Elisse B. Walter, Securities and Exchange Commission, Washington, D. C., for respondent.

Before SWYGERT and WOOD, Circuit Judges, and CAMPBELL, Senior District Judge. [*]

SWYGERT, Circuit Judge.

This appeal arises from a final order of the Securities and Exchange Commission ("the Commission") affirming the disciplinary action taken by the Chicago Board Options Exchange, Inc. ("Exchange") against petitioner, Howard J. Shultz. The issues presented are:

1. Should the Commission's decision be reversed because of bias or the appearance of unfairness in the hearing granted petitioner by the Exchange?

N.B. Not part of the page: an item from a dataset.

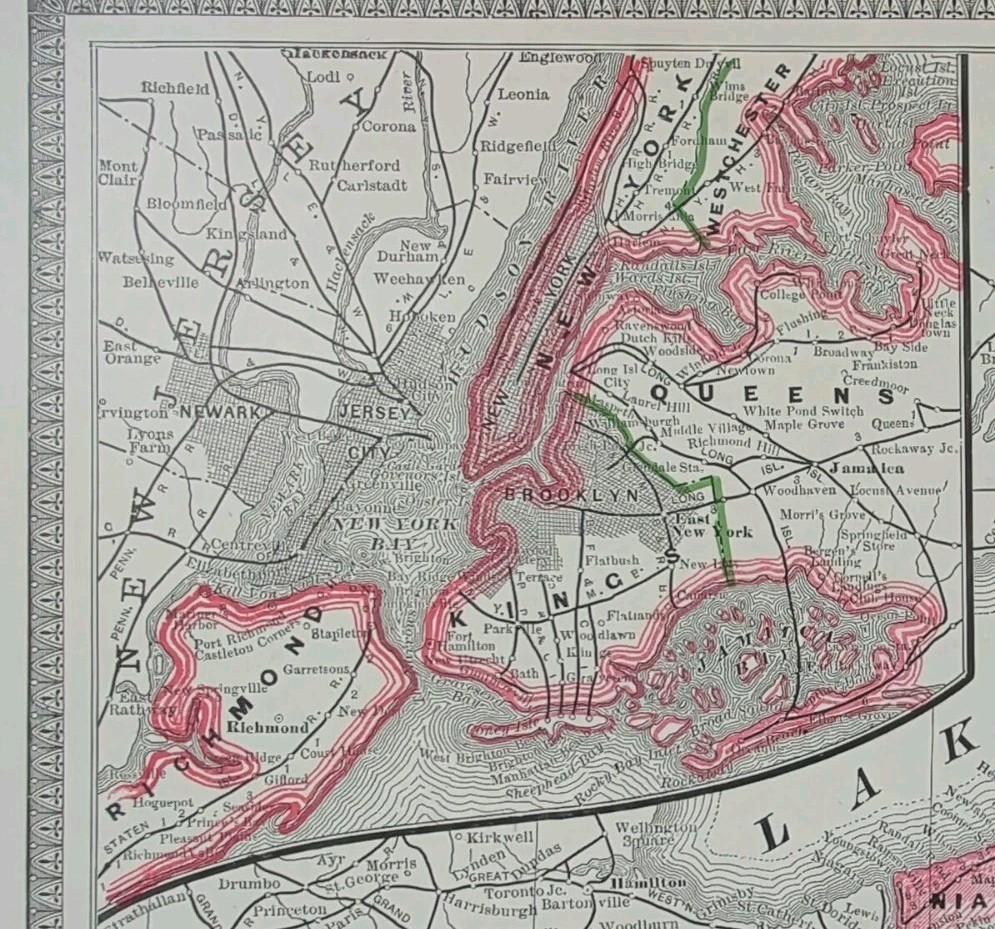 Vintage 1884 NEW YORK Map 21″x13″ ~ Old Antique Original ALBANY SCHENECTADY NY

2. Was there sufficient evidence to support the findings of the Commission?

3. Is Exchange Rule 8.7(a) unconstitutionally vague, and can Rules 4.1 and 8.7(a) be violated without the violation of another rule?

The Commission made an independent determination that petitioner had violated the Exchange rules. We find there was ample evidence to support its findings. Given the delicately-balanced position of a professional market maker, trading for his own account on the Exchange, we hold that Rule 8.7(a) is not unconstitutionally vague and that Rules 8.7(a) and 4.1 do not require the violation of another rule. Accordingly, the Commission's order is affirmed.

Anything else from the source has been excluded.